You should look into using "explain" to find out what query plan MySQL is using for your queries with and without your 1=1. A DBA will be more interested in those results. Also, if your 1=1 is causing a full table scan, you will know for sure.
The explain syntax is here: http://dev.mysql.com/doc/refman/5.0/en/explain.html
How to interpret the results are here: http://dev.mysql.com/doc/refman/5.0/en/explain-output.html
I have a table of about 800 000 records. Its basically a log which I query often.
I gave condition to query only queries that were entered last month in attempt to reduce the load on a database.
My thinking is
a) if the database goes only through the first month and then returns entries, its good.

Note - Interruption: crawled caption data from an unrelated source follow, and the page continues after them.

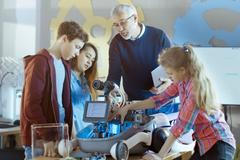 Učitel a jeho žáci pracují na programovatelném robotu s LED osvětlením pro projekt School Science Class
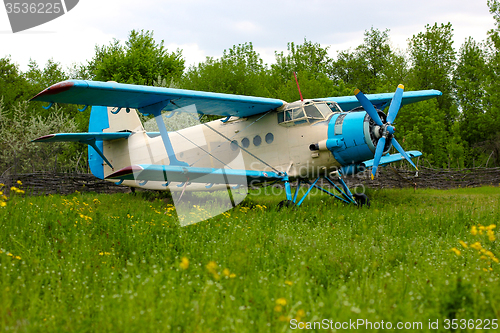 Image of Old retro airplane on green grass 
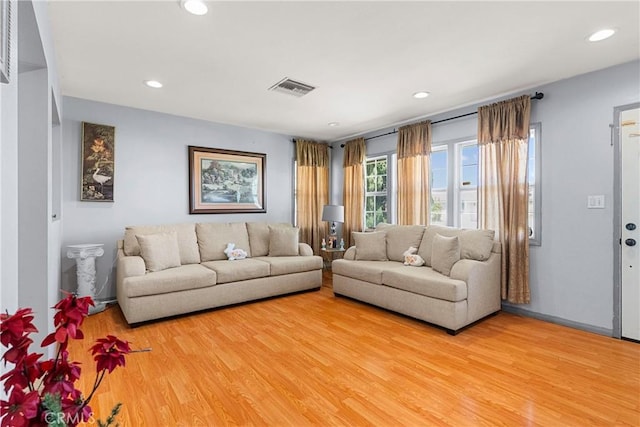 7738 Adwen St, Downey, CA 90241 - living room featuring recessed lighting, wood finished floors, and visible vents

b) if the database goes through the whole database + checking the condition against every single record, it's actually worse than no condition.
What is your opinion?
How would you go about reducing load on a dbf?
If the field containing the entry date is keyed/indexed, and is used by the DB software to optimize the query, that should reduce the set of rows examined to the rows matching that date range.
That said, it's a commonly understood that you are better off optimizing queries, indexes, database server settings and hardware, in that order. Changing how you query your data can reduce the impact of a query a millionfold for a query that is badly formulated in the first place, depending on the dataset.
If there are no obvious areas for speedup in how the query itself is formulated (joins done correctly or no joins needed, or effective use of indexes), adding indexes to help your common queries would by a good next step.
If you want more information about how the database is going to execute your query; you can use the MySQL EXPLAIN command to find out. For example, that will tell you if it's able to use an index for the query.